(Collection entries)
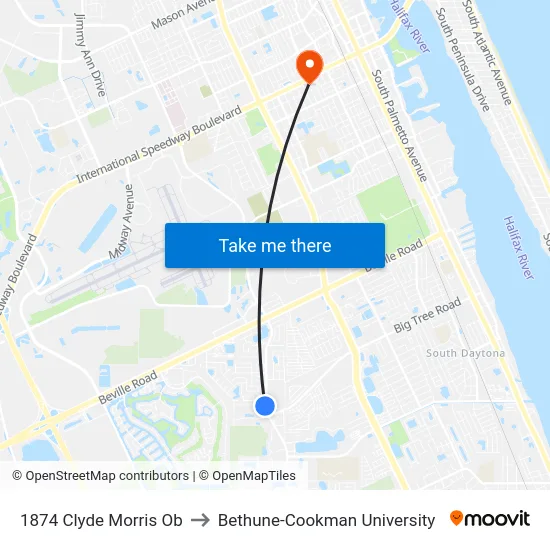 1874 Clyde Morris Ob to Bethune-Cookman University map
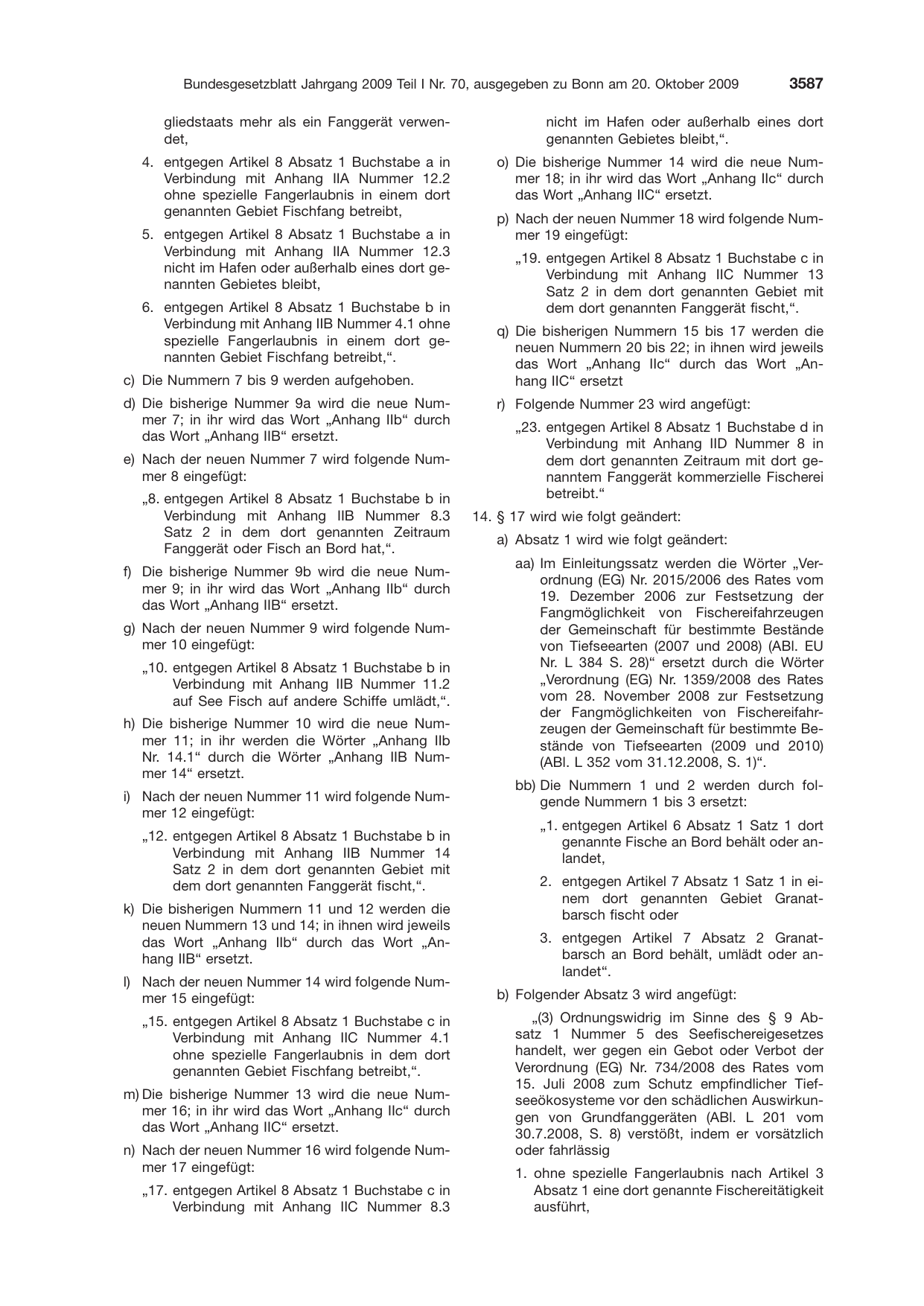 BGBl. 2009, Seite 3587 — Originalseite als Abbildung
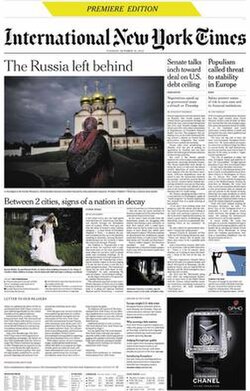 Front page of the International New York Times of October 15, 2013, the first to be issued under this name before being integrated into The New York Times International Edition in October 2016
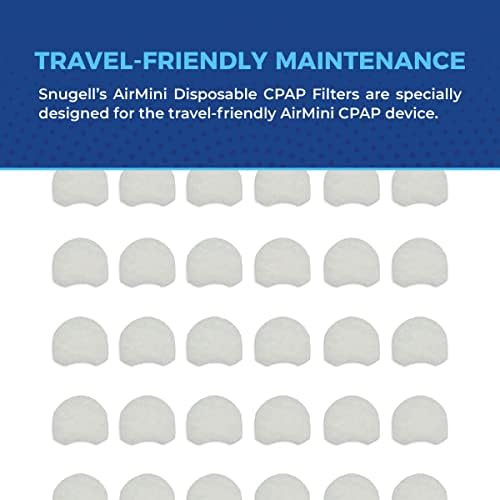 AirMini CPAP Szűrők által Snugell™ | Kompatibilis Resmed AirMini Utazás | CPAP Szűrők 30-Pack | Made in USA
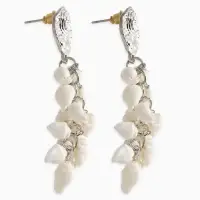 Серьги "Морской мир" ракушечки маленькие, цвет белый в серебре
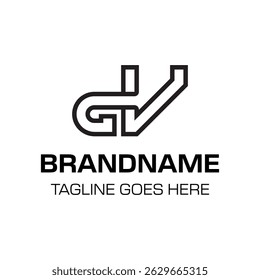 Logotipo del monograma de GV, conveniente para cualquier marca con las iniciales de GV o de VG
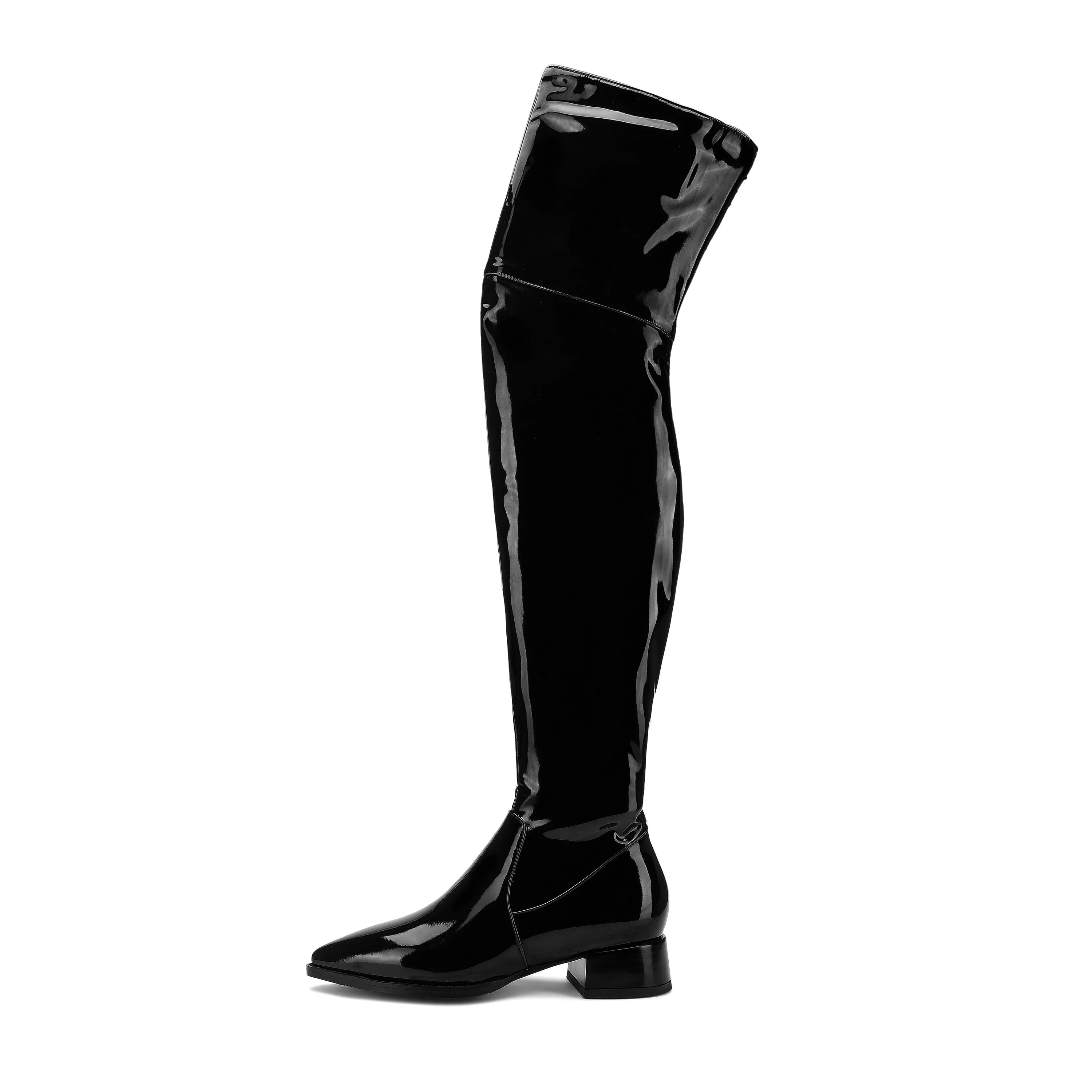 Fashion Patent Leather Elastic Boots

-- ASSIGNED TASK --
Retype each line above precisely, please. Skip anything that is a picture.

-- SOLUTION TO THIS EXERCISE --
 1874 Clyde Morris Ob to Bethune-Cookman University map
 BGBl. 2009, Seite 3587 — Originalseite als Abbildung
 Front page of the International New York Times of October 15, 2013, the first to be issued under this name before being integrated into The New York Times International Edition in October 2016
 AirMini CPAP Szűrők által Snugell™ | Kompatibilis Resmed AirMini Utazás | CPAP Szűrők 30-Pack | Made in USA
 Серьги "Морской мир" ракушечки маленькие, цвет белый в серебре
 Logotipo del monograma de GV, conveniente para cualquier marca con las iniciales de GV o de VG
 Fashion Patent Leather Elastic Boots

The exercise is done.